Pourtant, le commerce de l’énergie du Venezuela fonctionne en dehors des structures traditionnelles, ce qui peut limiter les opportunités stratégiques.

Le soutien du pays à l’Iran dans la crise actuelle pourrait également façonner les opportunités futures.

Dimanche, le ministre vénézuélien de la Défense, Vladimir Padrino López, a déclaré : « Ce qui se passe au Moyen-Orient est indéniablement une guerre impérialiste. C’est une guerre sioniste (...), les États-Unis sont derrière. Il a également suggéré que le Venezuela pourrait devenir un fournisseur d’énergie pour l’Occident si la crise s’aggravait.

Sanctions, BRICS et nouvel ordre économique

Le Venezuela voulait rejoindre les BRICS l’année dernière, mais sa demande a été rejetée par le Brésil, qui s’opposait à son adhésion.

Cela a été perçu par le Venezuela comme un moyen d’obtenir de l’argent frais pour une crise économique catastrophique et des coalitions politiques à la suite d’une élection présidentielle très disputée. En outre, les BRICS sont considérés comme une alternative aux marchés établis et un moyen d’éviter le dollar comme principale monnaie d’échange.

Invezz : Y a-t-il un risque que les sanctions ou les alignements diplomatiques résultant de ce conflit limitent davantage la capacité du Venezuela à commercialiser du pétrole, ou le pays pourrait-il bénéficier d’un environnement mondial plus volatil ?

L’issue dépend de la façon dont les alliances évolueront dans les prochains jours. Le Venezuela et l’Iran sont des alliés de longue date, et tous deux sont profondément sanctionnés. Leur coopération a évolué vers des stratégies de survie impliquant des canaux de distribution non traditionnels et un alignement plus étroit avec des blocs comme les BRICS+.

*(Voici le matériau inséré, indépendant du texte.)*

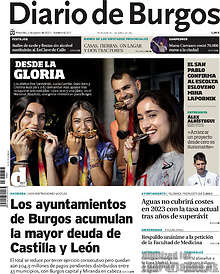 Periodico Diario de Burgos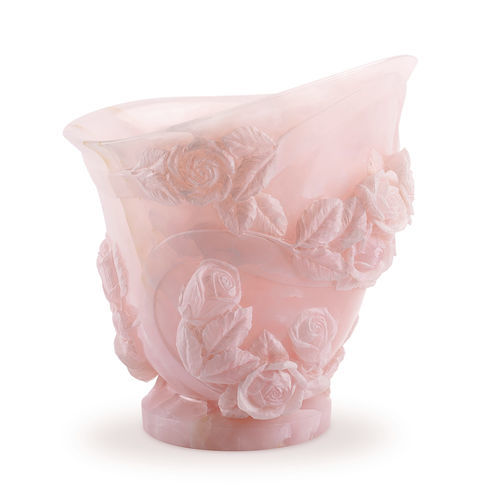 Stil-Vase - ROMA IMPERIALE - Barberini & Gunnell - Marmor / Onyx / handgefertigt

La volatilité mondiale pourrait aller dans les deux sens : si la hausse des prix peut profiter au Venezuela à court terme, un alignement plus approfondi avec les États sanctionnés pourrait conduire à un plus grand isolement en fonction de la façon dont les États-Unis et l’Europe réagiront diplomatiquement.

Une transformation plus large est en cours. Depuis le 20 janvier, avec le retour au pouvoir de Trump et l’expansion des BRICS+, on voit se dessiner les contours d’un nouvel ordre mondial.

Cette année s’annonce comme l’année du réalignement. D’ici 2026, nous pourrions voir une nouvelle architecture économique, moins dominée par le dollar, plus fragmentée dans l’énergie et le commerce.

Enjeux mondiaux dans un scénario tendu

Actuellement, le détroit d’Ormuz est toujours ouvert. Cependant, comme le dit Contreras, « pendant les prochaines vingt-quatre heures », ce sera un facteur décisif pour l’avenir d’Ormuz et, par extension, pour l’état des marchés mondiaux de l’énergie.

Là où dans le monde le bord de la guerre est résolu ou atténué, cela fera une différence pour les prix du pétrole, mais ce sera aussi un enjeu dans l’avenir stratégique de pays comme le Venezuela.

La géographie protège le Venezuela de tout choc logistique immédiat, mais l’impact dépend de la réponse de ses alliés, partenaires et marchés. Les choix que nous faisons aujourd’hui détermineront la forme de l’économie mondiale de demain.